▶ [Your task]
The answer must be an exact copy of the lines from the one containing "Eindhoven 30 januari 2002" through the last line of the records, with the pictures left out.

▶ [Record excerpts]
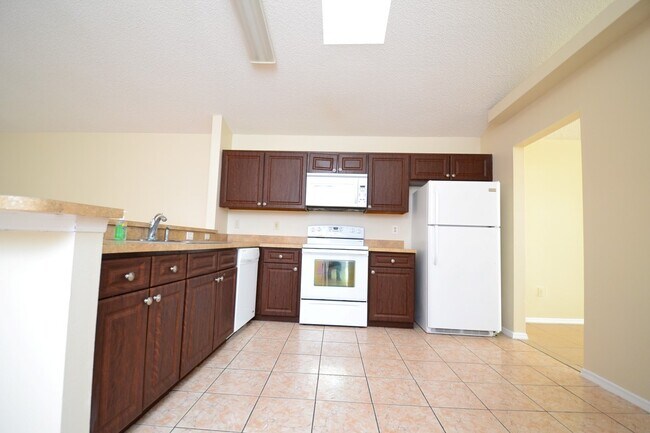 Building Photo - Fantastic 3 BR home in Longwood zoned for all great Lake Mary Schools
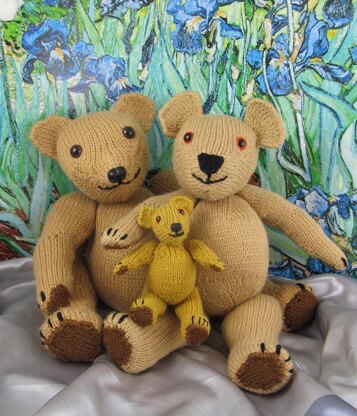 Classic Vintage Style Teddy Bear Family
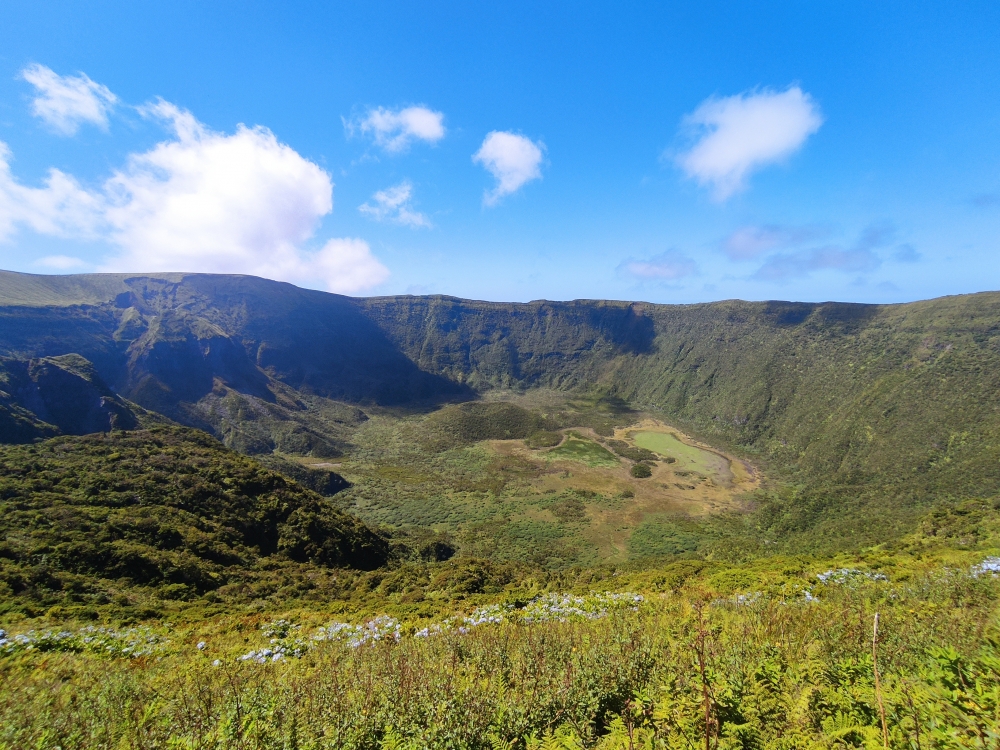 Miradouro da Caldeira: Blick in den Krater
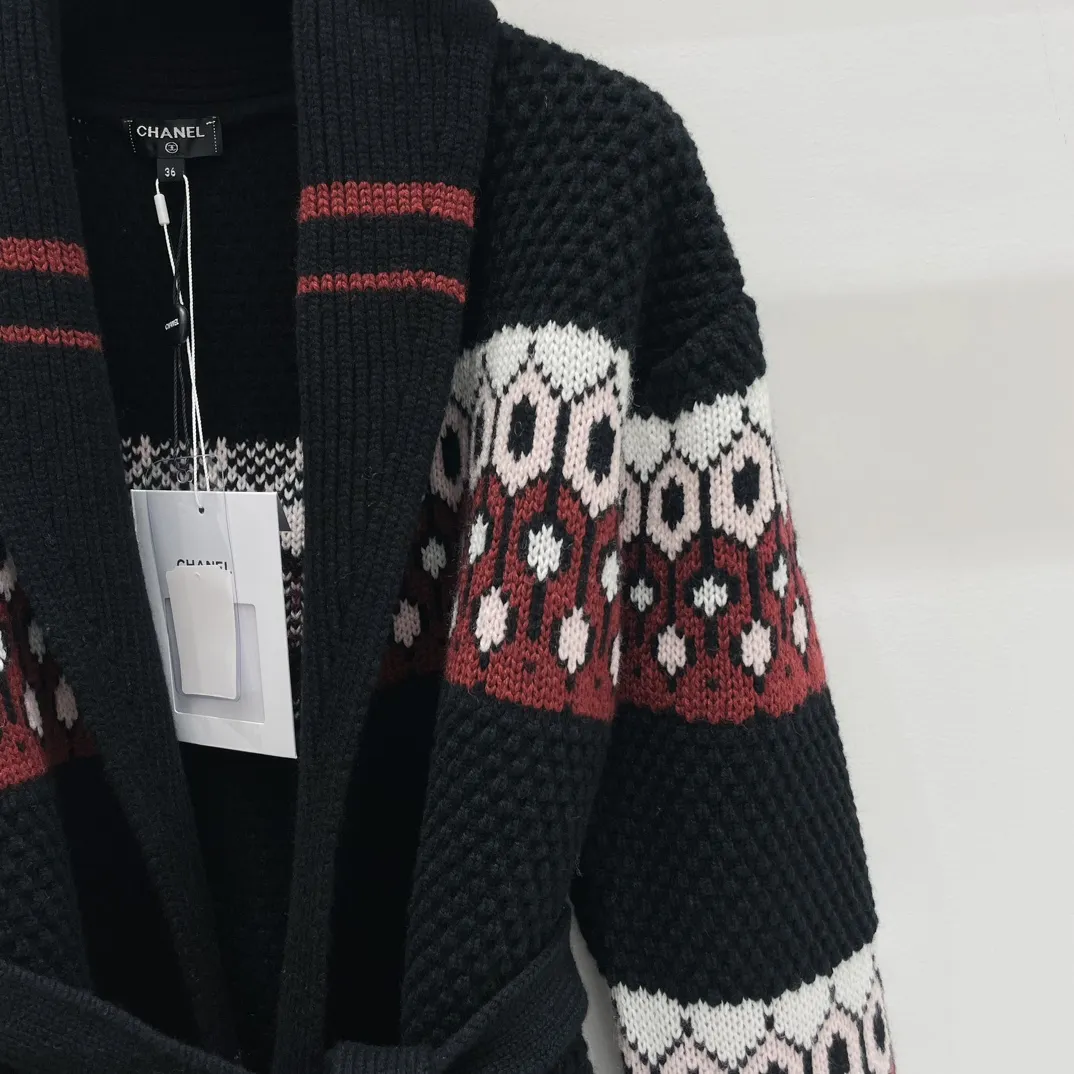 シャネル黒ウールコート新作ウエスト付き - 画像 (8)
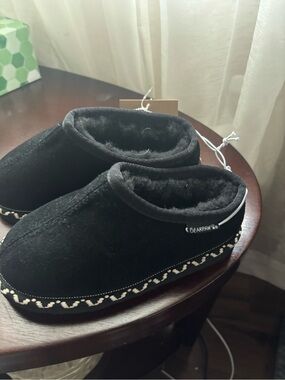 BearPaw Black Plush Slip-On Tabitha
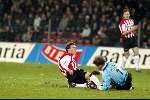 Eindhoven 30 januari 2002
PSV-Feyenoord voor de KNVB Beker
Arnold Bruggink in duel met Edwin Zoetebier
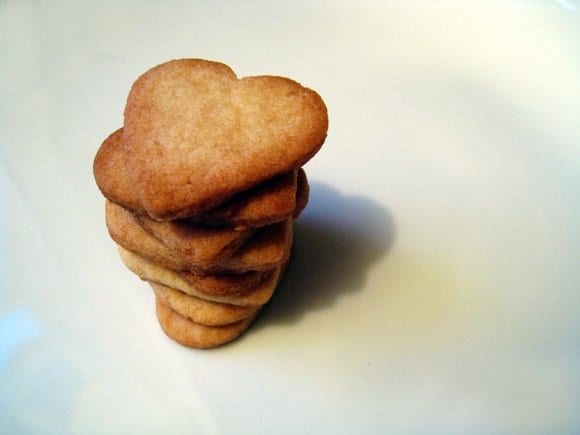heart-shaped-sugar-cookie heart-shaped-sugar-cookie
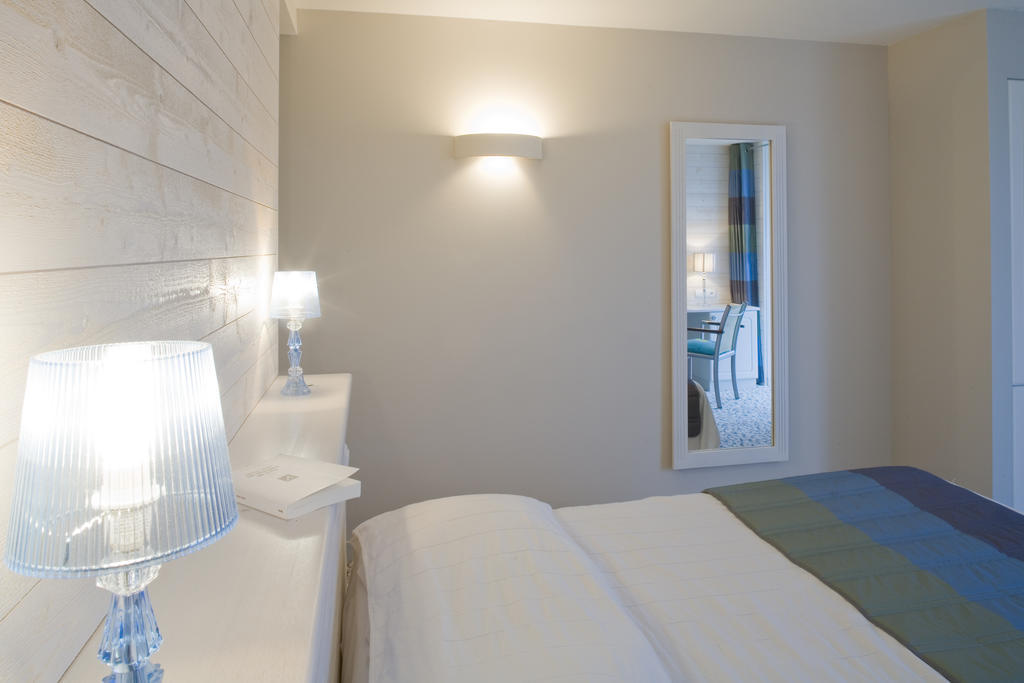 Logis Hotel Vent D'Iroise Plougonvelin Exterior photo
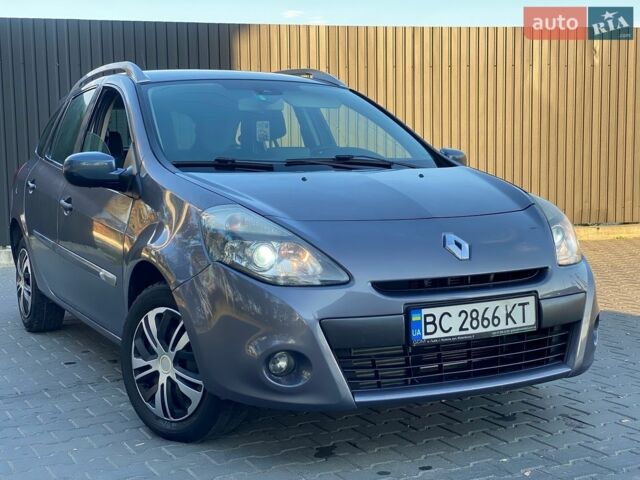 Синий Рено Клио, объемом двигателя 1.15 л и пробегом 269 тыс. км за 3800 $, фото 1 на Automoto.ua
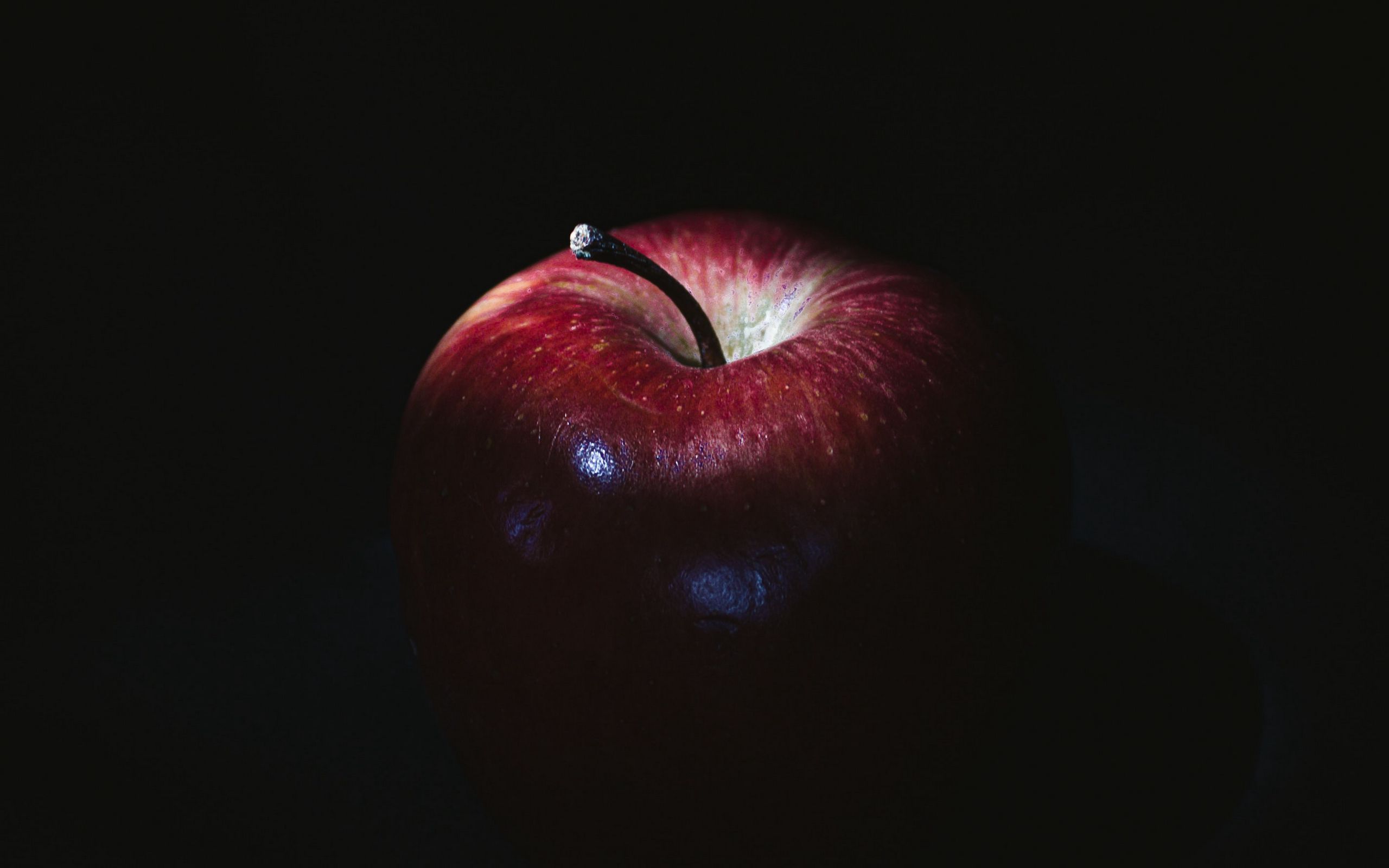 Темно бордовые яблоки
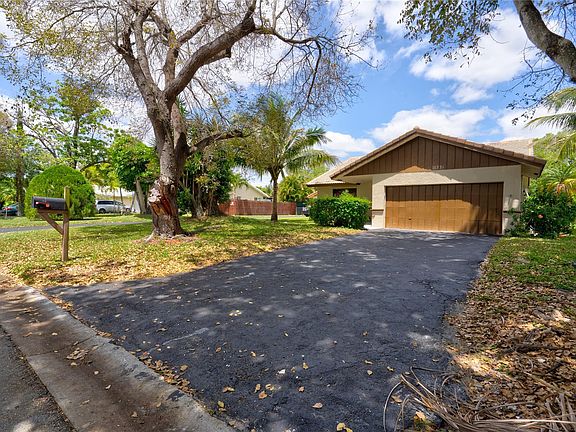 2nd image of 10351 NW 31st Street
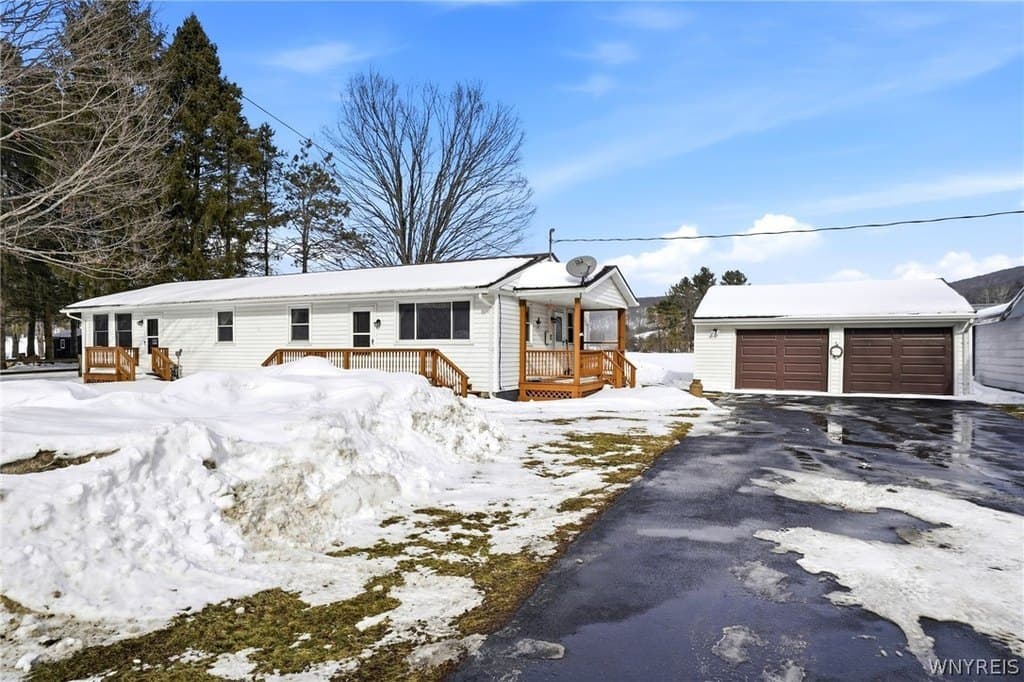 3 bedroom house for sale at 5192 Route 353 Cattaraugus - $150,000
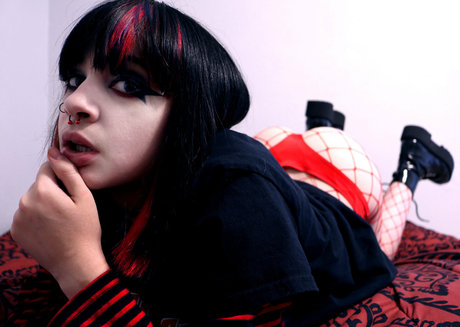 em h0rr0r model adult photo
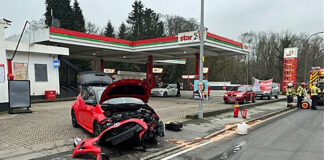 Der Toyota war nicht mehr fahrbereit und musste abgeschleppt werden. Foto: Polizei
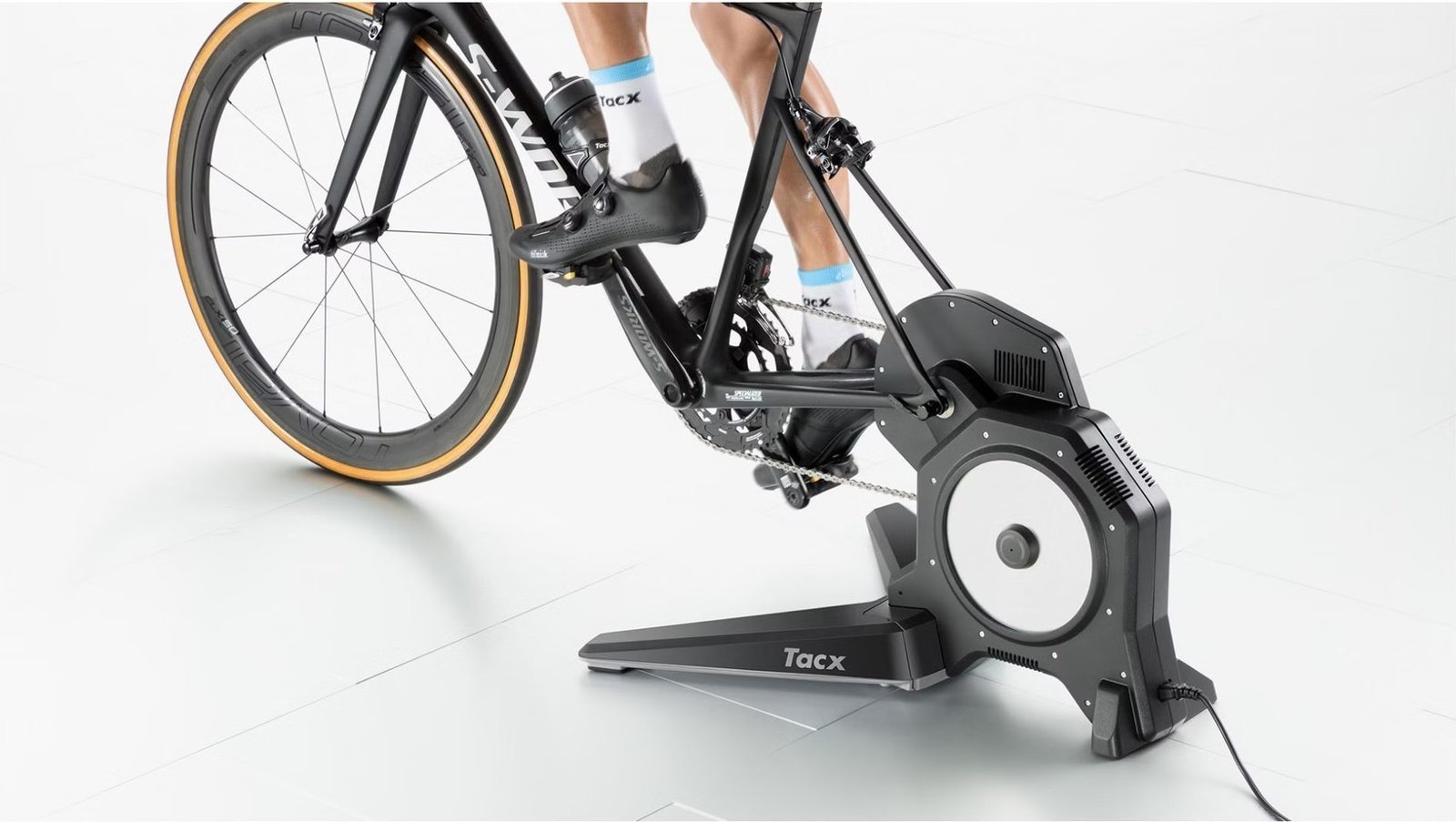 Home-Trainer-Tacx-Flux-S-Smart-T2900S-4_28_11zon.jpeg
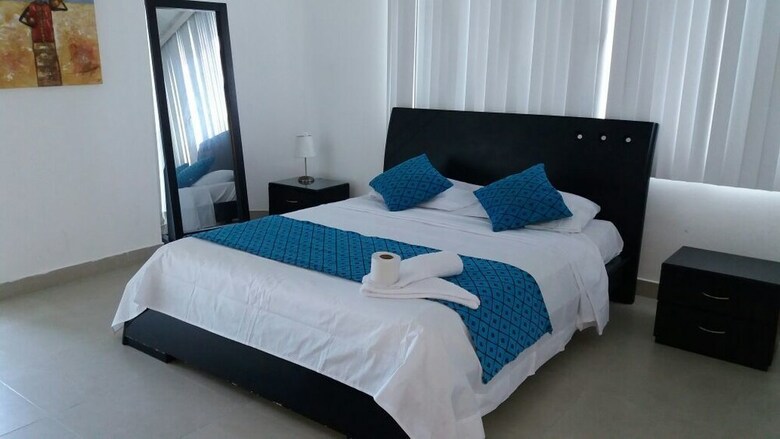 Apartamentos Torres Del Lago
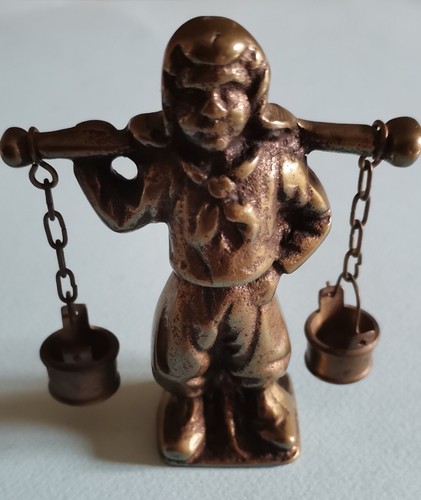 Ancienne figurine garçon - ancienne,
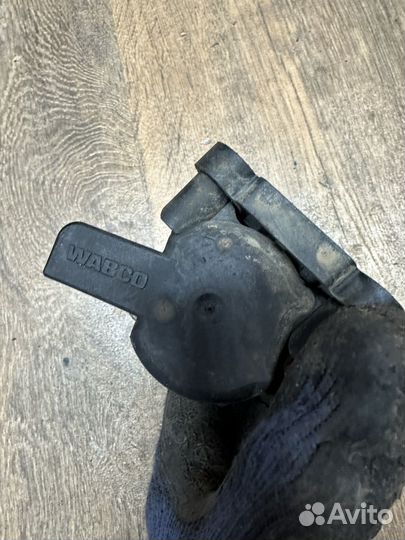 Range rover 3 клапан пневмоподвески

▶ [Result of the task]
 Eindhoven 30 januari 2002
PSV-Feyenoord voor de KNVB Beker
Arnold Bruggink in duel met Edwin Zoetebier
heart-shaped-sugar-cookie heart-shaped-sugar-cookie
 Logis Hotel Vent D'Iroise Plougonvelin Exterior photo
 Синий Рено Клио, объемом двигателя 1.15 л и пробегом 269 тыс. км за 3800 $, фото 1 на Automoto.ua
 Темно бордовые яблоки
 2nd image of 10351 NW 31st Street
 3 bedroom house for sale at 5192 Route 353 Cattaraugus - $150,000
 em h0rr0r model adult photo
 Der Toyota war nicht mehr fahrbereit und musste abgeschleppt werden. Foto: Polizei
 Home-Trainer-Tacx-Flux-S-Smart-T2900S-4_28_11zon.jpeg
 Apartamentos Torres Del Lago
 Ancienne figurine garçon - ancienne,
 Range rover 3 клапан пневмоподвески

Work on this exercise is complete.